We were glad he called us. We live for questions just like this.

We offered him the following. Most people that look at SKU management look at the contribution to sales. They evaluate eliminating the lowest contributors. The decision is easier if there are other offerings of the same product to absorb the revenue that is being cut. Not moving on SKU management because of not having the exact costs is just an excuse not to manage, i.e. reduce, SKUs. 

It is not an easy question.  

This problem is the same as trying to find the profit by SKU. This is something that consumer products companies have struggled with for years. It is easy to track revenues by SKU. That comes right off of the invoices.  The hard part is to apportion the cost properly. This can be done but it is not an exact science. The best we can do is approximate the costs. The easiest way is to use the percentage of sales to whatever cost base one chooses to use. This will provide as good as an estimate as one could get in short order. Getting an exact measure would require a very sophisticated accounting system and probably not worth the cost of tracking and maintaining the data to that level of granularity.

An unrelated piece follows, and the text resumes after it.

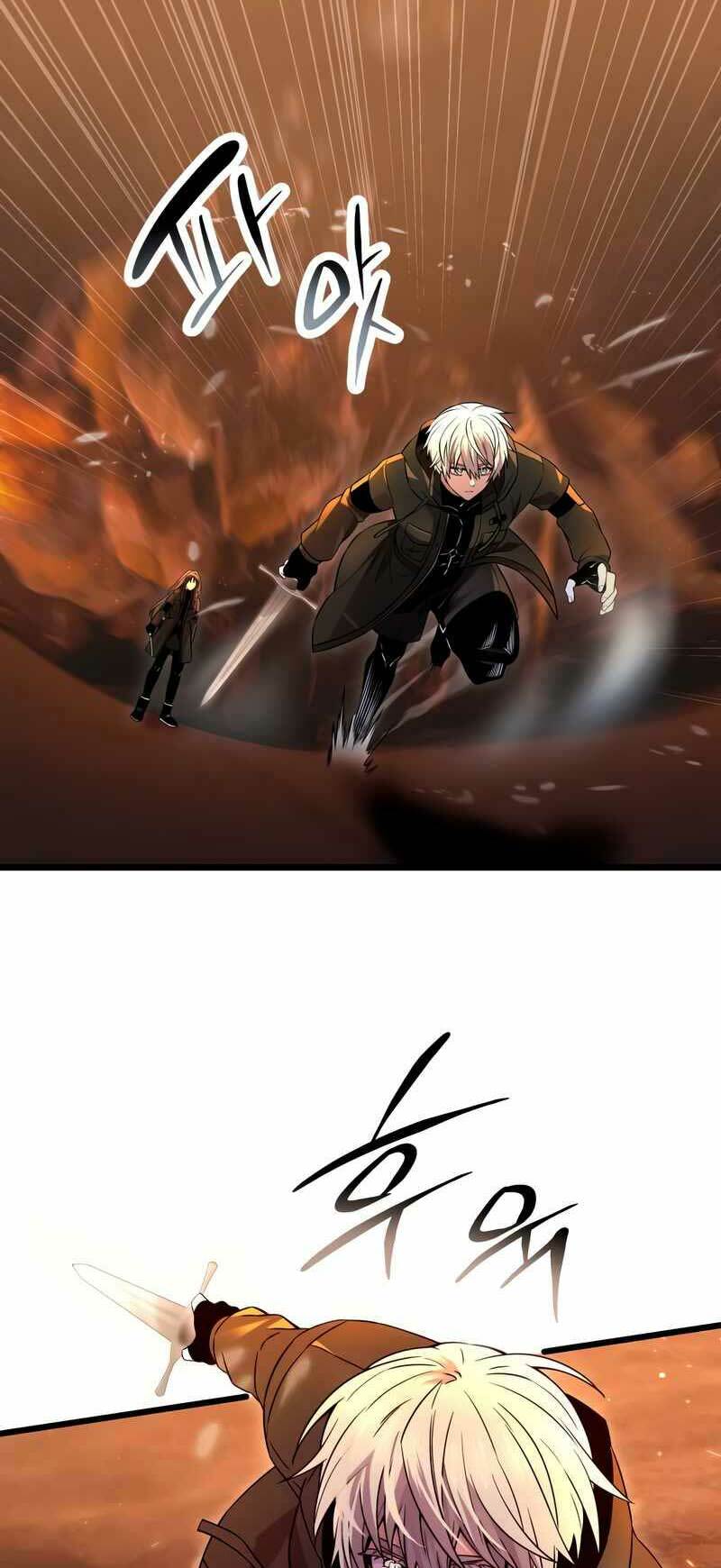 Ta Nhận Được Vật Phẩm Thần Thoại - Chapter 71 - Page 14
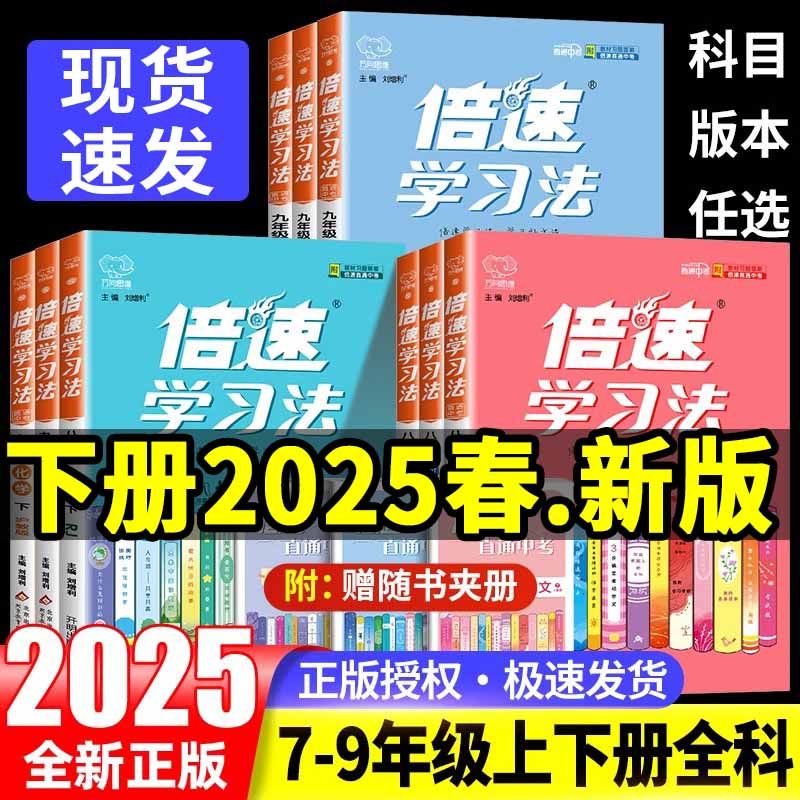 2025春倍速学习法初中七八九年级上下册语数英物化生政史地人教版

If we are to use Percent of Sales by SKU to evaluate SKU costs, why not just use Percent of Sales?

We had another colleague that ran the supply chain of a $1B Latin American subsidiary of a consumer products company. He had a very simple rule for which SKUs ought to be deep sixed. He simply said, “If we sell less than a pallet of an SKU per month, it is not worth keeping. It should be cut.” It was a brilliant and visual rule. It resonated with Sales, General Management, and certainly in the Supply Chain. Even marketing folks, who are always the most reluctant to cut SKUs, could not really argue with this very simple logic. On a sales volume of $1B, everyone understood that an SKU that sold such a paltry amount had to be absorbing more cost per unit than other products. Simply changing over in the factory, several months of supply run, and the inventory carrying costs probably made the costs of such an SKU disproportionate.

SKU management need not be complicated. It can and should follow some pretty simple and clear guidelines. It can be accomodated via spreadsheets or a tool such as DemandCaster which incudes an SKU rationilization component. We have found that this either is something that resonates with the executive team or not. If it does not resonate, they will ask for numbers and justifications they know cannot be obtained.

What are your experiences in this area?

Can you determine the cost of maintaining a single SKU?

What are your rules of thumb for putting an SKUs on the consider to cut list?